Consumer Hotel Reviews the New Star Rating System

Let’s book a hotel. Easy, right? I would disagree, I hate booking hotels. What’s your tactic to whittle down choices? Five to ten years ago it probably would have been the star rating system. We have all sought out four star plus hotels and thought that the star rating meant superior quality and service. I have to say, I still do this frequently although from past experience I know otherwise. Today’s solution, my favourite topic, consumer reviews. Before I start down this road I will hold my hand up and say that I very rarely check consumer reviews. Shocker, I know.

Excluding me, many people use both the official star rating system and consumer reviews to make a purchase decision. The tactic, get the official stance on the accommodation to narrow down choice and then the ‘real’ view from past guests to make the final purchase decision. In many instances there is a large gap between the stated official stance and the ‘real’ experience. So who do we believe?

The consumer vote nearly always swings it. People buy from people and the official star rating system is seen to not always measure the things, we as consumers, are concerned about. The government has recognised this and has set plans to use consumer produced reviews as the new guide to hotel ratings. The Department for Culture, Media and Sport (DCMS) believe that collective rankings from consumer reviews more adequately and accurately reflect our concerns as consumers.

Bye, bye official star rating system and hello to consumer opinion. So, what are your thoughts? There have been many blogs about this in the past few weeks, some for, some against. I love consumer reviews, consumer empowerment, collective thought and the increasing need for service providers (consumer goods and brands) to work transparently. No one is beyond reproach in the world of consumer empowerment. The problem, the anonymity of reviews, the tactical attacks between providers, and the lack of evidence to support claims. There are no rigorous checks on what is written in consumer reviews. I have even heard of consumers threating hotel providers with a bad review if they are not given a discount.

On the other hand, most consumer reviews give the ‘real’ experience and report the level of service received and the cleanliness of the hotel. Two things that are very important to consumers and which the official star rating system is not brilliant at indicating. Service and cleanliness are dependent on human input which we all know varies.
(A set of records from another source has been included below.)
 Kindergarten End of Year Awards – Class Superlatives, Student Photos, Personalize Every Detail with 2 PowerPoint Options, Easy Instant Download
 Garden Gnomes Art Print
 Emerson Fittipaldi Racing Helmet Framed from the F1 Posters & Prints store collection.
One person’s stay can be different to another’s depending on the human input.

Consumer reviews provide opinion on these important elements and if the hotel met their expectations.
While the official star rating system may at times seem arbitrary there is a science to the rating. The problem is that many times the attributes used to measure hotel star rating are insignificant to some consumers. The other is that there is no universal measurement system, a three star in one country can be completely different to a three star in another country. However when we see the one star to five star rating we know the higher the rating the higher the level of luxury and amenities. So what do you look for luxury and amenities or service and cleanliness?
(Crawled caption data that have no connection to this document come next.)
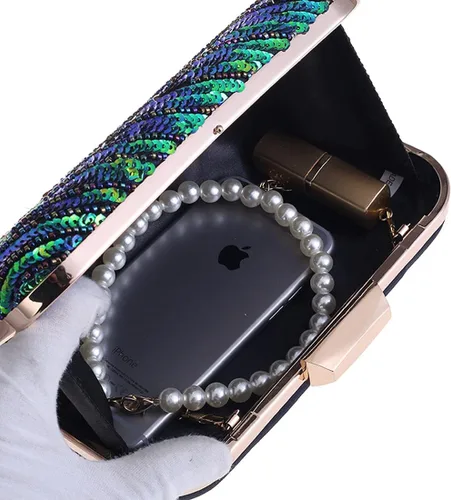 Miniatura 3 de LIFEWISH Bolso de noche único con lentejuelas de lujo para mujer, para boda, novia, fiesta, graduación, bolso de mano (azul pavo real)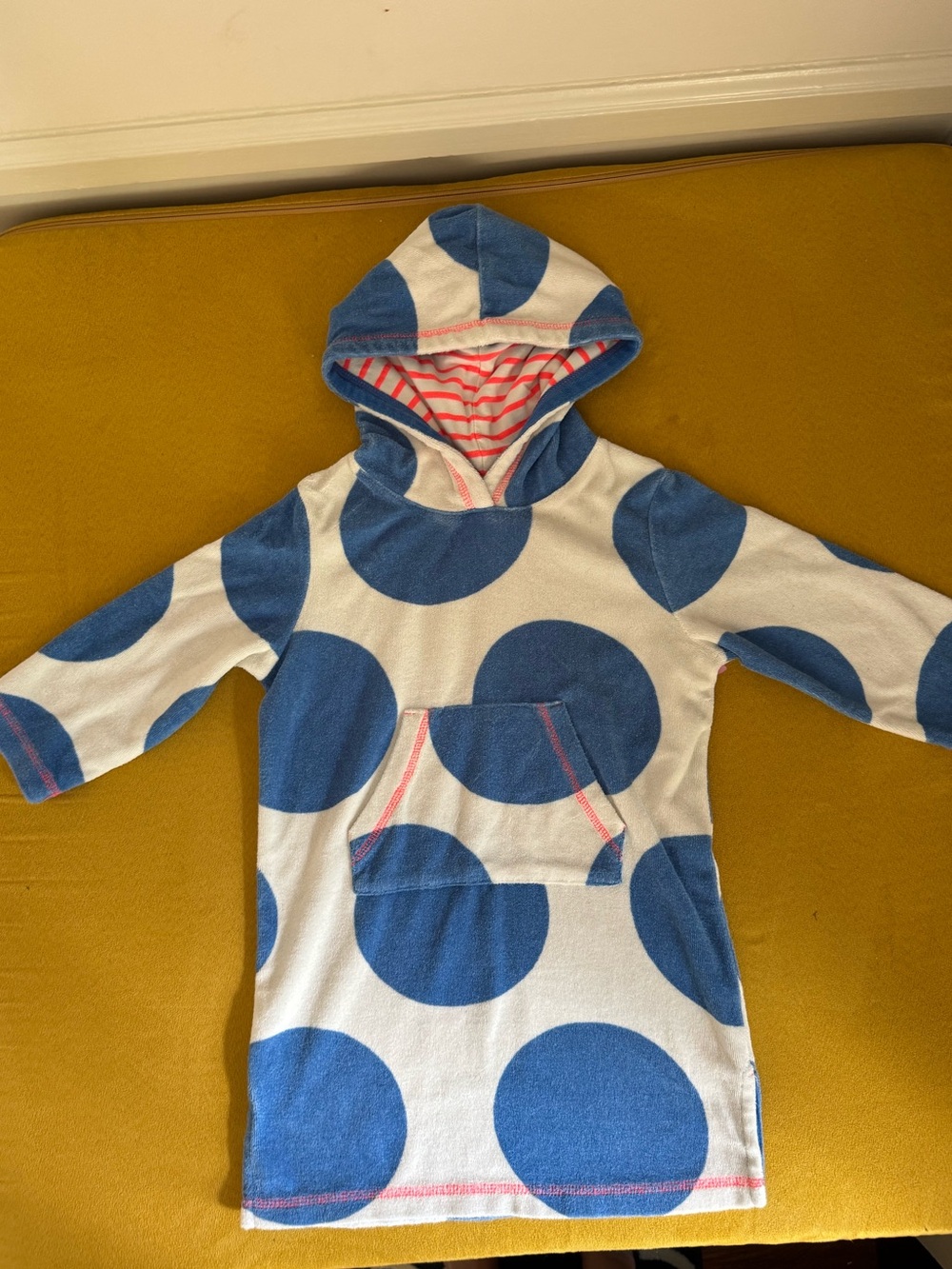 Mini Boden Kids Blue Polka Dot Hooded Cover Up 2-3T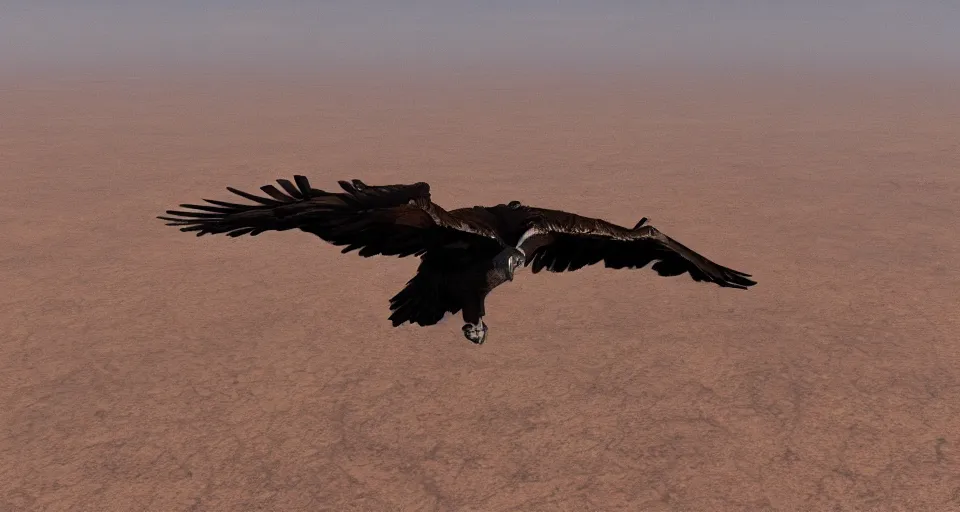 Prompt: a vulture flying over an empty desert, artstation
I’d quite like to have a combination of the two available on the one platform, or even better a link to a reputable third party review site like Trip Advisor. Remember the age of transparency. If hoteliers and destination marketing organisations were to link Trip Advisor to their site then consumers would see they have nothing to hide and welcome consumer opinion. This in turn will build trust and trust builds sales. So the move to withdraw the official star rating could in fact help accommodation providers by forcing them to acknowledge consumer reviews.

Consumers are already using reviews in their trip planning activities but many providers do not effectively acknowledge content on such sites. By removing the official star rating system accommodation providers will have to acknowledge consumer reviews which may benefit their business in the long run. The down side to this is that many smaller providers may suffer as they do not have the same resources or possibly skills base as larger providers to manage consumer generated content.

While I completely agree that consumer reviews are the way forward, and this government move is a massive string in the bow of consumer empowerment and brand transparency, there are still teething problems. The lack of rigorous credibility checks of consumer reviews are a major downfall but the opinion of service and cleanliness standards are all something we want to know before we purchase. I would suggest that a happy medium is to maintain the official star rating and at the same time give the relative consumer star rating and reviews.

As experience with evaluating and understanding consumer reviews increases there may be the opportunity to phase out the official star rating system. It would seem that Visit England has the same opinion, where they are considering using both user generated content (reviews) and the official star rating. The full government policy paper is due to be realised this month. It will be interesting to see what the changes to the hospitality industry and if this change has any ramifications on other product categories. I would also love to hear your opinions on this, are you going to be affected, do you already embrace user generated content?